Sunday 16 August 2020

What is a Pub?

No, this isn't some existential post about what makes a somewhere feel like a pub in someones mind (just go read The Moon Under Water for that); its what is the legal definition. Currently, the LVA are trying to claim that somewhere that looks like a pub and acts like a pub is "not a pub". They've said this about fifty times so far today on Twitter, trying to create some division between licence classes in peoples minds.
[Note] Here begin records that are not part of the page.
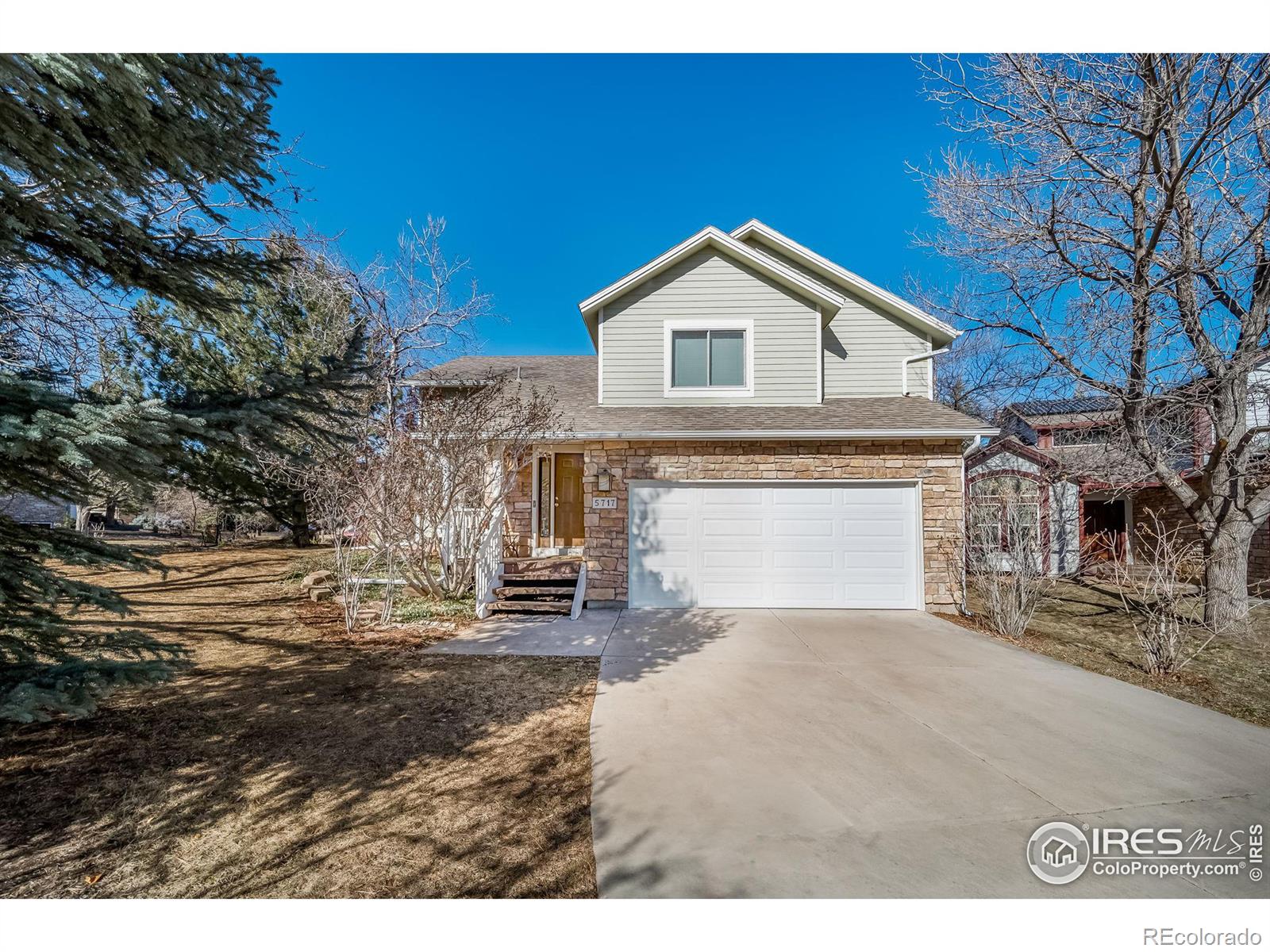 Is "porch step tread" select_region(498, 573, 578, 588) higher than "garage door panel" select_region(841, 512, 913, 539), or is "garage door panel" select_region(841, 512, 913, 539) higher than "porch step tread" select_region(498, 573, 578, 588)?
"garage door panel" select_region(841, 512, 913, 539)

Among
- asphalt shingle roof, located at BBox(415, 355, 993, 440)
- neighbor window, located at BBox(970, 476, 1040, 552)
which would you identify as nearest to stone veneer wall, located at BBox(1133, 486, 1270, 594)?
neighbor window, located at BBox(970, 476, 1040, 552)

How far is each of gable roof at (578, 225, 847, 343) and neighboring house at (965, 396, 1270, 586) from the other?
4.64m

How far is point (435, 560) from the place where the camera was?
990 cm

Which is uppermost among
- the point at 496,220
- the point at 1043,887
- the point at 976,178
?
the point at 496,220

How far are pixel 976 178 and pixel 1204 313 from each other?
12.7 feet

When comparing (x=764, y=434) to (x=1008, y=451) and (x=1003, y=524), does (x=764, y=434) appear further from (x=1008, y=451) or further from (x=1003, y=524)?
(x=1008, y=451)

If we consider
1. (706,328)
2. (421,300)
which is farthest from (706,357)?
(421,300)

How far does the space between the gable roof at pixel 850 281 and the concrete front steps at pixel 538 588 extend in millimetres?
Result: 7896

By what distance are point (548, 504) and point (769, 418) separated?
5.19 metres

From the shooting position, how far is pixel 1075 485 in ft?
46.5

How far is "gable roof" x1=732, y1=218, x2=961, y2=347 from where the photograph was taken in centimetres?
1021

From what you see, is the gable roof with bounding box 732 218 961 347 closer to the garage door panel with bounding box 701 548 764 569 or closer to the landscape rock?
the garage door panel with bounding box 701 548 764 569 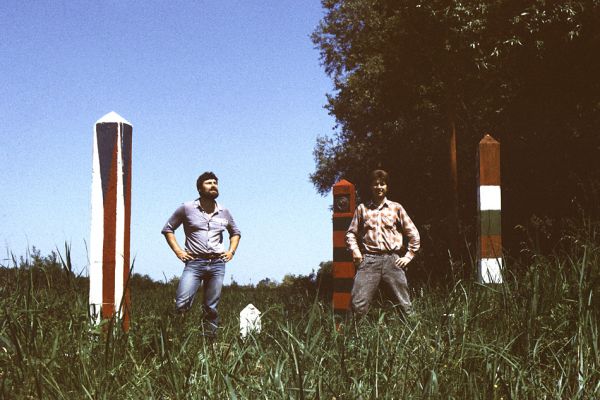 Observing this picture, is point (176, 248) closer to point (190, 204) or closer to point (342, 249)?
point (190, 204)

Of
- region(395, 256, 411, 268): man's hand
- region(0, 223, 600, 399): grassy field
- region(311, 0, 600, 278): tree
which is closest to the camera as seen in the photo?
region(0, 223, 600, 399): grassy field

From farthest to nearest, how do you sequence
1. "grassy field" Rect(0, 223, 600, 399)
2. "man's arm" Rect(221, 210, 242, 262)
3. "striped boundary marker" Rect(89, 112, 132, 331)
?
"man's arm" Rect(221, 210, 242, 262) < "striped boundary marker" Rect(89, 112, 132, 331) < "grassy field" Rect(0, 223, 600, 399)

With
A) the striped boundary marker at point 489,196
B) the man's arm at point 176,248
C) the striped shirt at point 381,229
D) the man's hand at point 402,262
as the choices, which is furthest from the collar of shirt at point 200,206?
the striped boundary marker at point 489,196

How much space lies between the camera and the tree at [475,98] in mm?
14453

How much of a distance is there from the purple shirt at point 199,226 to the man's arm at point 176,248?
0.05m

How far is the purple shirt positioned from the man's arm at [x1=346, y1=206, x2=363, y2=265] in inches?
50.8

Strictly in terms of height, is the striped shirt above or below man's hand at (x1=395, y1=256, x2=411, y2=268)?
above

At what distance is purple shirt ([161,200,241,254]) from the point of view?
6.99 metres

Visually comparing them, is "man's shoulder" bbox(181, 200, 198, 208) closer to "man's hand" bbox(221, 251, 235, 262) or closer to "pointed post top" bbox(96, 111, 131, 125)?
"man's hand" bbox(221, 251, 235, 262)

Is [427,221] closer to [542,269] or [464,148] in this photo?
[464,148]

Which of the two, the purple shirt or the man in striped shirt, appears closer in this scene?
the man in striped shirt

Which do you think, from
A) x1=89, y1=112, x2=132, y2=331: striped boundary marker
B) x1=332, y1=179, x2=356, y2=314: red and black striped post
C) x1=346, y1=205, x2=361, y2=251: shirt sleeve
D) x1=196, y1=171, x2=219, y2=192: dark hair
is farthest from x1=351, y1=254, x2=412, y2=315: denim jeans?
x1=89, y1=112, x2=132, y2=331: striped boundary marker

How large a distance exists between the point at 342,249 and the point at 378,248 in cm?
81

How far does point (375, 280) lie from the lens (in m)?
6.54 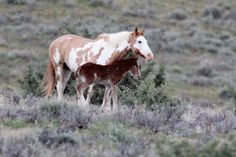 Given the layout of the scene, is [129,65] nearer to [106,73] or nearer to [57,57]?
[106,73]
On this blog, I accept the following licence types as pubs:

  • Aerodrome Licence
  • National Concert Hall Licence
  • National Conference Centre Licence
  • National Cultural Institutions Licence
  • National Sporting Arena Licence
  • Passenger Vessel Licence (for vessels which ply their trade entirely in Dublin)
  • Publican's Licence (6-Day)
  • Publican's Licence (7-Day Ordinary)
  • Publican's Licence (ordinary) - Theatre
  • Publican's Licence (ordinary) Horse Racecourse
  • Publican's Licence (Ordinary) Hotel - (Public Bar)
  • Publican's Ordinary Railway Refreshment Rooms Licence
The reason for this is that all are allowed serve you alcohol without the requirement to purchase food (in normal times, clearly) and while some are clearly impossible without a ticket; there were plenty of ticket-only pubs in the boom.

I would also accept the Early Closing variants of the 6- and 7-day licences and the Omnibus Station Licence if these ever appeared in Dublin again.

Its very, very easy to argue that the first 6 categories shouldn't count; and I wouldn't even bother arguing about it; nor would I bother arguing in favour of the single racecourse licence - seeing as Leopardstown actually has conventional licences anyway.

However, the LVA are now repeatedly claiming that a pub that holds a Theatre licence is "not a pub", and has even doubled down with a claim that they don't represent hotel bars; which I find exceptionally spurious.

The LVA has a committee member who represents a hotel chain; with no non-hotel licences that I am aware of it. The Irish Pub Awards, which they co-organise, gave its 2017 Dublin region Best Music Pub award to S3207 Darkey Kellys (hrm, that's probably the shortest positive write-up I've ever written).


If you exclude theatres from your idea of "a pub" in Dublin, you lose not only Berlin but also 1001735 RIOT, the Wild Duck in Temple Bar, 1005429 Barts on South William Street and a number of other places that are clearly Not Theatres Or Restaurants, which is what the LVA are trying to batter down on Berlin being.

If you exclude hotels, as I don't think they actually do except when further digging down on an argument, the list of places that basically everyone else thinks of as pubs rockets. Would you exclude the Library Bar from Dublin's pubs? Its on the licence of the Central Hotel, S3099. 

PMacs Drury Street is on a hotel licence. The Gasworks is on a hotel licence. The now closed Alfie Byrnes was on a hotel licence. All the various bits of the Mercantile complex are on a hotel licence. There's over 120 hotel licences in Dublin and about a quarter of them have bars that would be considered pubs by basically everyone

The LVA could very easily have just condemned the scenes in Berlin and pointed out that other operators are not doing it - instead they've spent an entire day trying to insist it isn't a pub as if this somehow changes the situation instead; which I simply cannot understand. Throwing the hotel bar sector under the bus is particularly strange too.